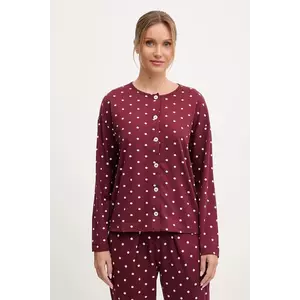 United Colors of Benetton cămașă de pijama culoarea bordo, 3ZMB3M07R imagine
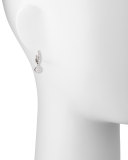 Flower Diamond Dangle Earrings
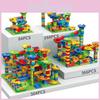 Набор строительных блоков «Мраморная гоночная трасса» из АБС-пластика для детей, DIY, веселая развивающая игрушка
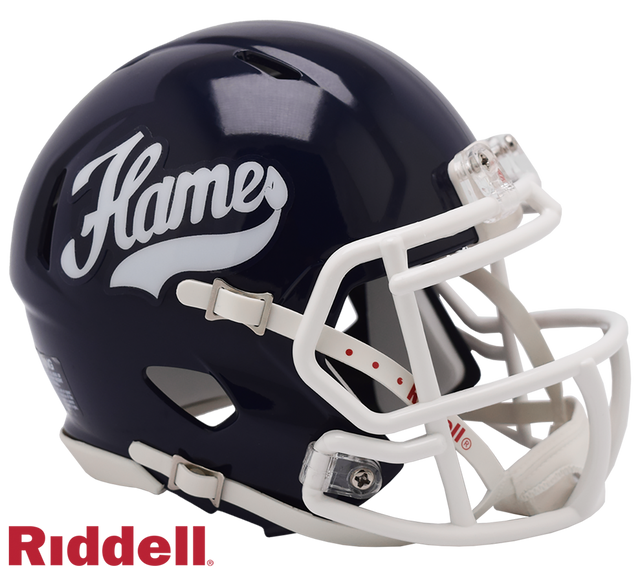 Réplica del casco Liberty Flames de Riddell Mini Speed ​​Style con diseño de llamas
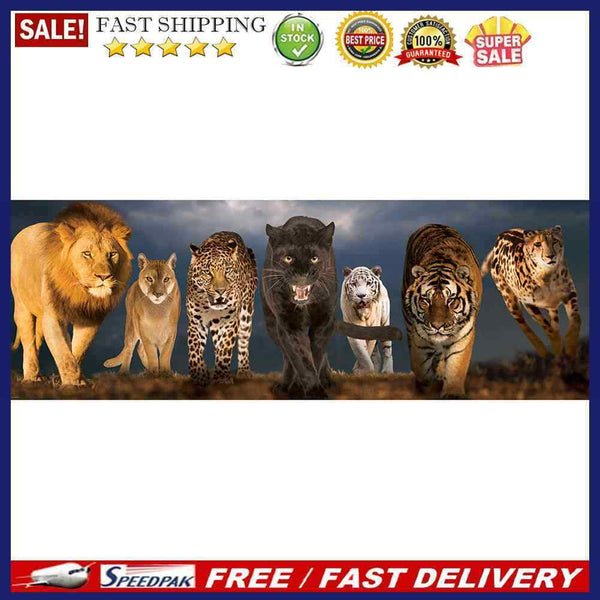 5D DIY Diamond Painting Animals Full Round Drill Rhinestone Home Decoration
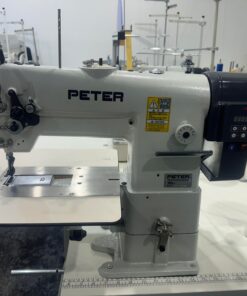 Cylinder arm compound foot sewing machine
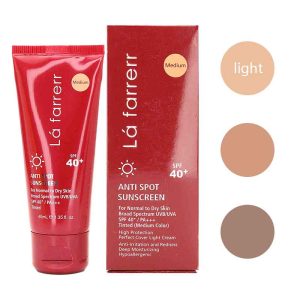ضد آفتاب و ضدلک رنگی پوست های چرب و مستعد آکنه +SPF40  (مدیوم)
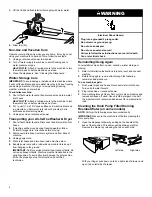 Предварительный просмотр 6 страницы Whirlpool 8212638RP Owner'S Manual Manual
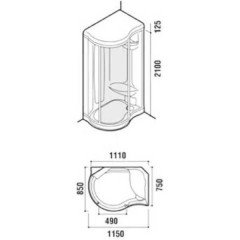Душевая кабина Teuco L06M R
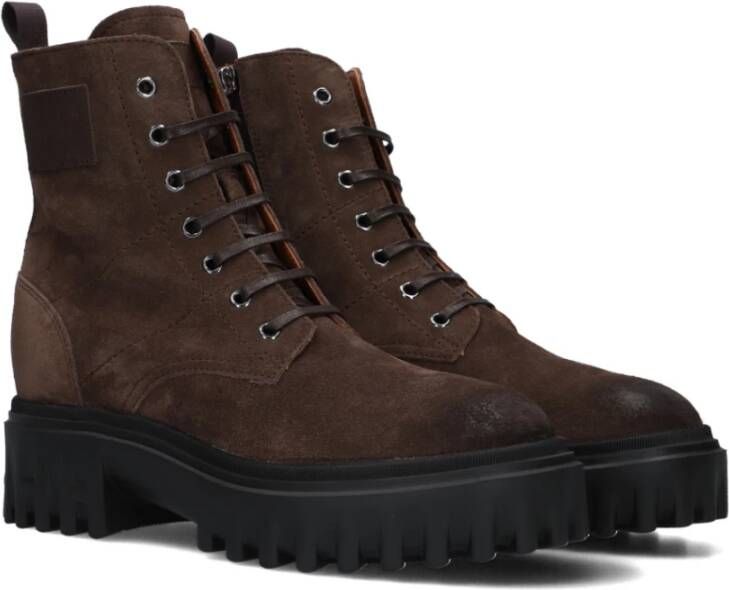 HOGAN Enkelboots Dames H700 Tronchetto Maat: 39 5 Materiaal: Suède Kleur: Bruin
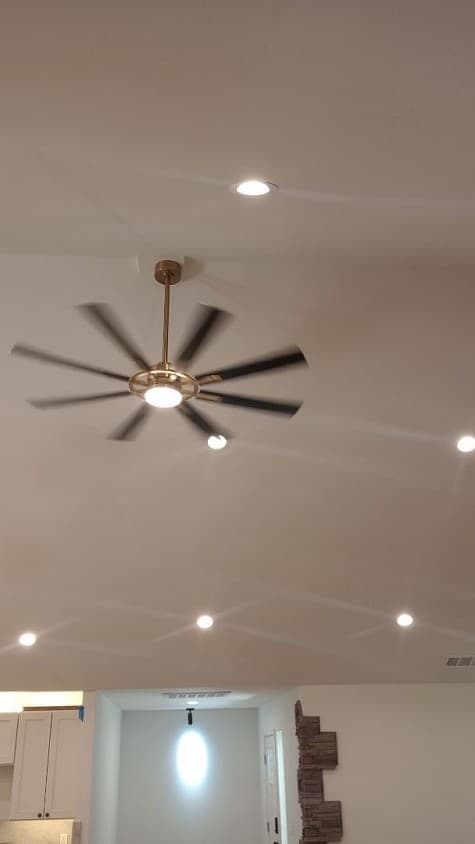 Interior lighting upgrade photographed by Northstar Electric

* * *

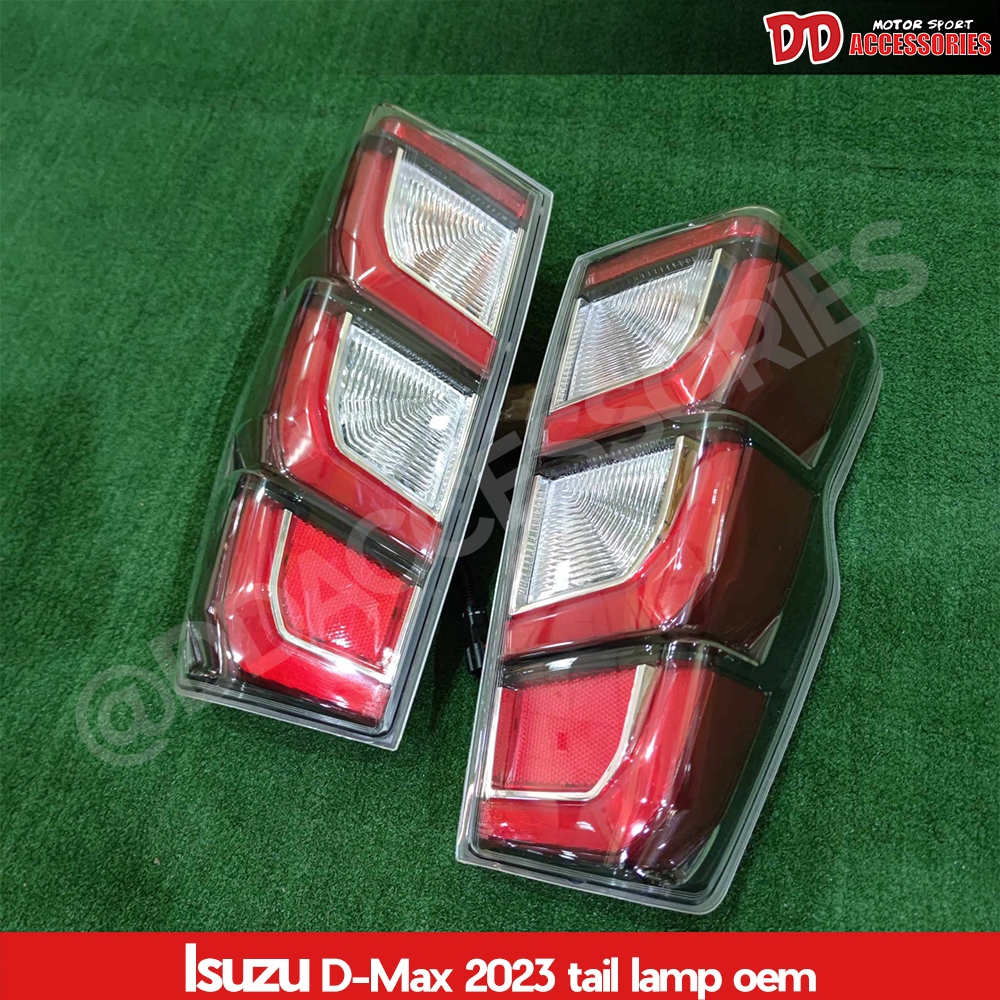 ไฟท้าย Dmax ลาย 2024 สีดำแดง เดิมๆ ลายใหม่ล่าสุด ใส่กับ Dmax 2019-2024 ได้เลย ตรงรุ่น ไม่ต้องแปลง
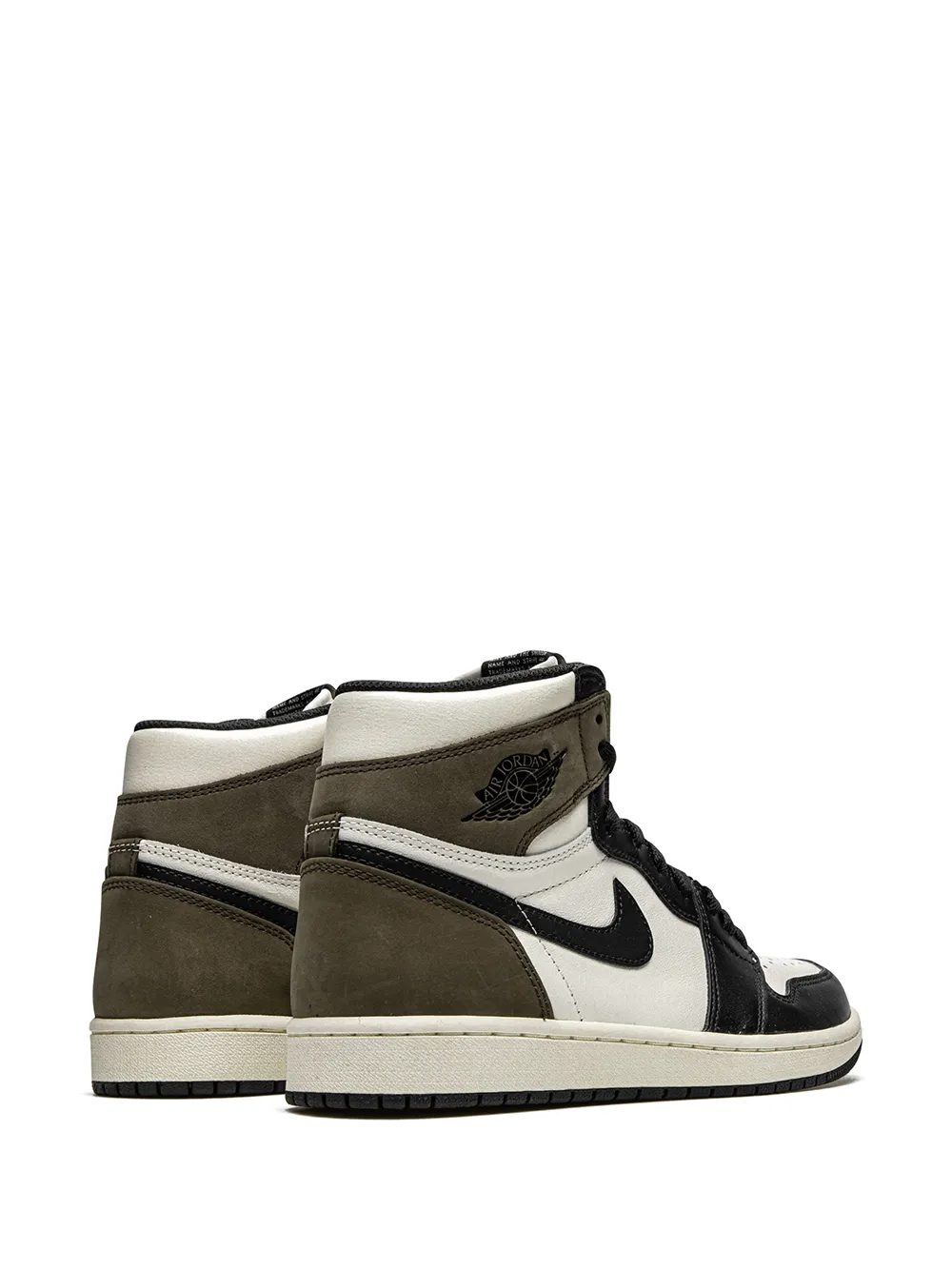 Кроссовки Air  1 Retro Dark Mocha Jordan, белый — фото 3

Required action
I'd like the lines above repeated exactly, from the one that contains "United Colors of" through the one that contains "ضد آفتاب و ضدلک", with no pictures.

Response below
 United Colors of Benetton cămașă de pijama culoarea bordo, 3ZMB3M07R imagine
 Flower Diamond Dangle Earrings
 Набор строительных блоков «Мраморная гоночная трасса» из АБС-пластика для детей, DIY, веселая развивающая игрушка
 Réplica del casco Liberty Flames de Riddell Mini Speed ​​Style con diseño de llamas
 5D DIY Diamond Painting Animals Full Round Drill Rhinestone Home Decoration
 Cylinder arm compound foot sewing machine
ضد آفتاب و ضدلک رنگی پوست های چرب و مستعد آکنه +SPF40  (مدیوم)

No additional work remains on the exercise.